| WHAT IS BEING ASKED |
Quote the records below word for word, please, from the very first line through the one that contains "Blue Ox BXW1273", and nothing beyond it.

| DATA TO USE |
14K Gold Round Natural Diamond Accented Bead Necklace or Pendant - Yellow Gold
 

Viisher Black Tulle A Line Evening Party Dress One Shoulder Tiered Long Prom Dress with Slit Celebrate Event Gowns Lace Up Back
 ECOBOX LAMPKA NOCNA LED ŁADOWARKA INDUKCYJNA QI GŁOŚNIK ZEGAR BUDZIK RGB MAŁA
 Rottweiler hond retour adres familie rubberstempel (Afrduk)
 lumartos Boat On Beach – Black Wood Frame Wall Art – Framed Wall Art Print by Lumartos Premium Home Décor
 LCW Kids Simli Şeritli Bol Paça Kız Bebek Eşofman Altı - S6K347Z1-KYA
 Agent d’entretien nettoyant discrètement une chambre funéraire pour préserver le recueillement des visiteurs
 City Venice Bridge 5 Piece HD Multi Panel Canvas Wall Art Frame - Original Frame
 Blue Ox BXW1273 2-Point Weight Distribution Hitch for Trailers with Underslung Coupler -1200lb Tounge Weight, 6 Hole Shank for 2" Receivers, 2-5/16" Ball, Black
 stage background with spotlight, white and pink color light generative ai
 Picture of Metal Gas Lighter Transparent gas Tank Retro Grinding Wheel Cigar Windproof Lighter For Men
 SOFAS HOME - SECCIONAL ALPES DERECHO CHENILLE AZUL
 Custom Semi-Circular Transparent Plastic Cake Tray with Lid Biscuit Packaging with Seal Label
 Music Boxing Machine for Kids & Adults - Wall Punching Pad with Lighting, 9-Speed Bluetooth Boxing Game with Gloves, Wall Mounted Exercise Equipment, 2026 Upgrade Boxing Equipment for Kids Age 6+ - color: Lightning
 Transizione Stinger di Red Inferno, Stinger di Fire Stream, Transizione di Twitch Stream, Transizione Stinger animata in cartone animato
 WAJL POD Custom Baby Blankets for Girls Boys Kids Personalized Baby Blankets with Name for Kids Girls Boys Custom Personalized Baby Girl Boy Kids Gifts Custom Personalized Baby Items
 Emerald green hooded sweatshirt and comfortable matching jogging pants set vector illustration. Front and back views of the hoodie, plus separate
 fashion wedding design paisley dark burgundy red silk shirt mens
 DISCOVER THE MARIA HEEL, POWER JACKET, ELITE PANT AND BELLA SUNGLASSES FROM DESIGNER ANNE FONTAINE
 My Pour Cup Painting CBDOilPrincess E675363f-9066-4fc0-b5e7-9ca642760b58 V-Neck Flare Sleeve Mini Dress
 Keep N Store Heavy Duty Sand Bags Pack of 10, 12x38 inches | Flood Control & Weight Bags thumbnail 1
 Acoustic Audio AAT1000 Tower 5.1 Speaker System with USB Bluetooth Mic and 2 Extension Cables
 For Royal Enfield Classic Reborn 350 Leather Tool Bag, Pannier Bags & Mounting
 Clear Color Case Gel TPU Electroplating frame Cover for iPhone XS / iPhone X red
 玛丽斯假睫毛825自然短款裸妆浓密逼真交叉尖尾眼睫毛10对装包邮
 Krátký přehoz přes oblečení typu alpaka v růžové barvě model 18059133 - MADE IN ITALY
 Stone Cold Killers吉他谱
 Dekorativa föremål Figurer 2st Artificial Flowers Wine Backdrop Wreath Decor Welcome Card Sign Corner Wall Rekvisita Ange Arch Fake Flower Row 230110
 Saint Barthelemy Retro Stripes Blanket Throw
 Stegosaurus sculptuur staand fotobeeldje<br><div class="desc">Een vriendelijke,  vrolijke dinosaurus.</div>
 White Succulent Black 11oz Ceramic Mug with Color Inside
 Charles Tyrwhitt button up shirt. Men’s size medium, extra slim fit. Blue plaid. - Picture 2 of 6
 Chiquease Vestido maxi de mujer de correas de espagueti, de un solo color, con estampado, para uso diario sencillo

| REPLY TO THE EXERCISE |
14K Gold Round Natural Diamond Accented Bead Necklace or Pendant - Yellow Gold
 

Viisher Black Tulle A Line Evening Party Dress One Shoulder Tiered Long Prom Dress with Slit Celebrate Event Gowns Lace Up Back
 ECOBOX LAMPKA NOCNA LED ŁADOWARKA INDUKCYJNA QI GŁOŚNIK ZEGAR BUDZIK RGB MAŁA
 Rottweiler hond retour adres familie rubberstempel (Afrduk)
 lumartos Boat On Beach – Black Wood Frame Wall Art – Framed Wall Art Print by Lumartos Premium Home Décor
 LCW Kids Simli Şeritli Bol Paça Kız Bebek Eşofman Altı - S6K347Z1-KYA
 Agent d’entretien nettoyant discrètement une chambre funéraire pour préserver le recueillement des visiteurs
 City Venice Bridge 5 Piece HD Multi Panel Canvas Wall Art Frame - Original Frame
 Blue Ox BXW1273 2-Point Weight Distribution Hitch for Trailers with Underslung Coupler -1200lb Tounge Weight, 6 Hole Shank for 2" Receivers, 2-5/16" Ball, Black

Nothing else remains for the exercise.